When the Lord Jesus rebuked the Pharisees and scribes, calling them serpents and the brood of vipers (Matt. 23:33; 12:34), He did not speak in a light way. He was saying that Satan was a serpent and they were all the offspring of the serpent; Satan was the father, and they were all his children. Their father was the serpent; therefore, they belonged to the serpent family. In John 8:44 the Lord Jesus also told the Pharisees that their father was the Devil. The Pharisees claimed that Abraham was their father, but the Lord Jesus said that if Abraham were their father, they would have done the works of Abraham. He told them that their father was not Abraham, but the serpent, the Devil, the father of lies.

The serpent came into man first by tempting him to take his thought. God had told Adam and Eve not to eat of the tree of the knowledge of good and evil lest they die (Gen. 2:17). But the serpent came in to raise a question: "Did God say?" If you look at a question mark, you will see that it resembles a serpent. When that little serpent rears up his head and questions you, he looks like a question mark. The satanic, serpentine thought first entered the human mind. Second, the man stretched forth his hand and ate of the tree of knowledge. In this way the serpent, the evil one, entered the human race. First, Satan entered man’s mind; second, he came into man’s physical body. Because of this, the human mentality is awful. His mind is evil and terrible because it has been fully occupied by the evil serpent. Also, the human body has been corrupted with all kinds of lusts. The Bible tells us that the lusts are in man’s physical body (Gal. 5:24; James 4:1). Man’s body has become flesh. It was created by God as a body, but after it was poisoned and corrupted by Satan, it became flesh. The created body was good, clean, and pure; the flesh is evil, dirty, corrupt, and full of lusts. Satan came into man. Therefore, man now has a defiled body and a corrupted mind.

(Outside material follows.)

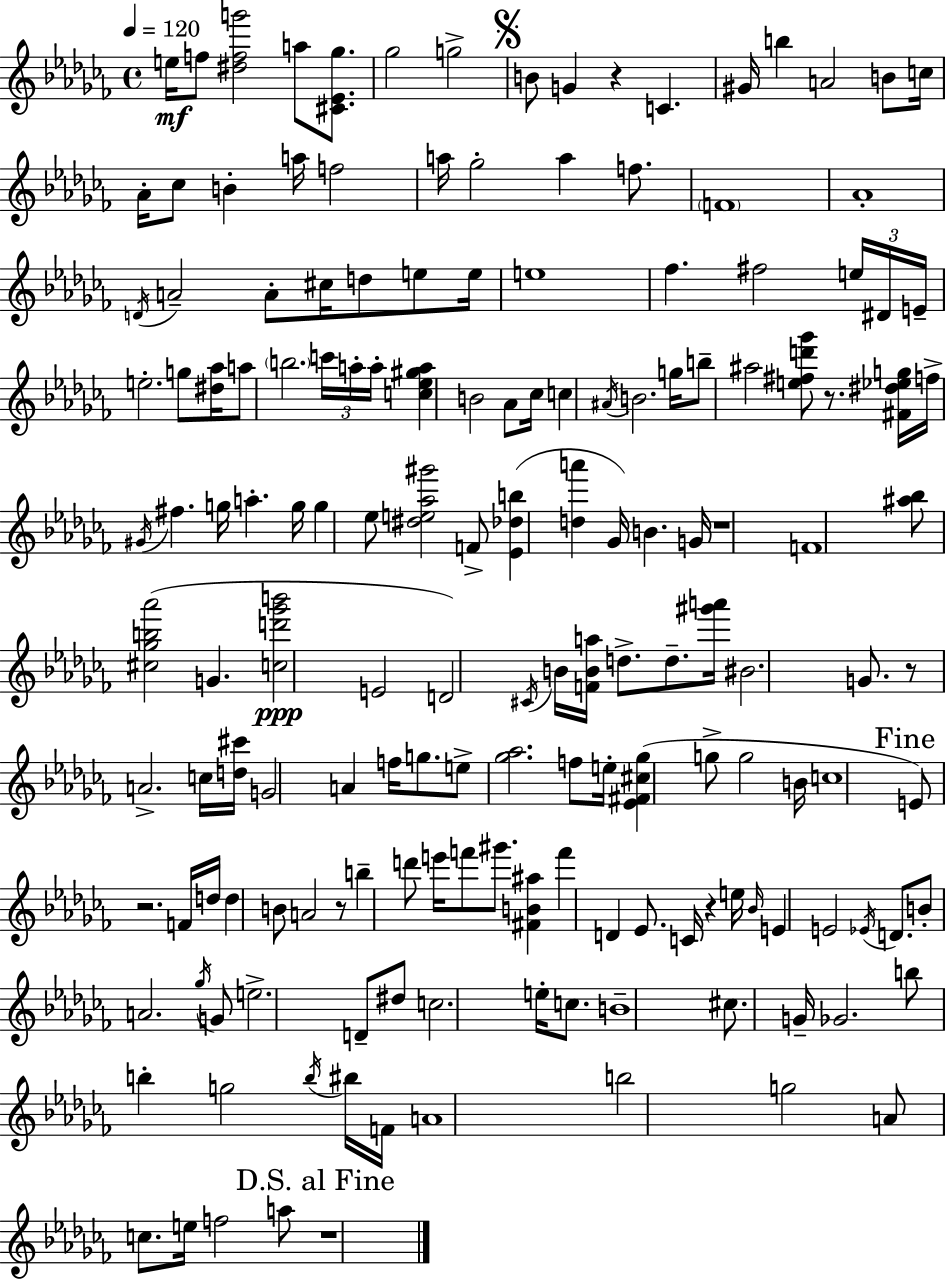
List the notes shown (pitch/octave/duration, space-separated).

E5/s F5/e [D#5,F5,G6]/h A5/e [C#4,Eb4,Gb5]/e. Gb5/h G5/h B4/e G4/q R/q C4/q. G#4/s B5/q A4/h B4/e C5/s Ab4/s CES5/e B4/q A5/s F5/h A5/s Gb5/h A5/q F5/e. F4/w Ab4/w D4/s A4/h A4/e C#5/s D5/e E5/e E5/s E5/w FES5/q. F#5/h E5/s D#4/s E4/s E5/h. G5/e [D#5,Ab5]/s A5/e B5/h. C6/s A5/s A5/s [C5,Eb5,G#5,A5]/q B4/h Ab4/e CES5/s C5/q A#4/s B4/h. G5/s B5/e A#5/h [E5,F#5,D6,Gb6]/e R/e. [F#4,D#5,Eb5,G5]/s F5/s G#4/s F#5/q. G5/s A5/q. G5/s G5/q Eb5/e [D#5,E5,Ab5,G#6]/h F4/e [Eb4,Db5,B5]/q [D5,A6]/q Gb4/s B4/q. G4/s R/w F4/w [A#5,Bb5]/e [C#5,Gb5,B5,Ab6]/h G4/q. [C5,D6,Gb6,B6]/h E4/h D4/h C#4/s B4/s [F4,B4,A5]/s D5/e. D5/e. [G#6,A6]/s BIS4/h. G4/e. R/e A4/h. C5/s [D5,C#6]/s G4/h A4/q F5/s G5/e. E5/e [Gb5,Ab5]/h. F5/e E5/s [Eb4,F#4,C#5,Gb5]/q G5/e G5/h B4/s C5/w E4/e R/h. F4/s D5/s D5/q B4/e A4/h R/e B5/q D6/e E6/s F6/e G#6/e. [F#4,B4,A#5]/q F6/q D4/q Eb4/e. C4/s R/q E5/s Bb4/s E4/q E4/h Eb4/s D4/e. B4/e A4/h. Gb5/s G4/e E5/h. D4/e D#5/e C5/h. E5/s C5/e. B4/w C#5/e. G4/s Gb4/h. B5/e B5/q G5/h B5/s BIS5/s F4/s A4/w B5/h G5/h A4/e C5/e. E5/s F5/h A5/e R/w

When Satan came into man, man not only became sinful, but his inward constitution was also corrupted with the satanic element. Both the outward conduct and the inward nature were defiled. We need many negative words to describe this corrupted man. All that man is and does is corrupt. Whether he loves or hates, man is full of the poisonous element of Satan. Man has been inwardly constituted with Satan and has become a satanic thing. Man has been mixed with Satan. He is still man, but man mixed with Satan. Man was mixed with Satan to such an extent that the Lord Jesus called the Pharisees serpents (Matt. 23:33). Apparently human beings are still men. They appear to be ladies and gentlemen as they walk down the street. Actually, in the eyes of God, they are serpents. This is not a matter of outward conduct; it is absolutely a matter of the inward element, the inward nature.

John 3:14 shows us that the brass serpent in the wilderness was a type of Christ. Moses made a serpent of brass and put it on a pole so that the people who were poisoned by the fiery serpents might be saved (Num. 21:9). The brass serpent on the pole typified the Lord Jesus on the cross. When He was on the cross, He was in the form of a serpent. In like manner, the brass serpent had only the form of a serpent; it did not have the nature or the poison of a serpent. On the cross the Lord Jesus took the form of the serpent because he died for man who had become a serpent in his inward nature. In the eyes of God mankind had become serpents. Apparently man was still man; actually he was a serpent. Therefore, when the Lord Jesus died as the substitute for all the serpentine people, He was in the form of the serpent.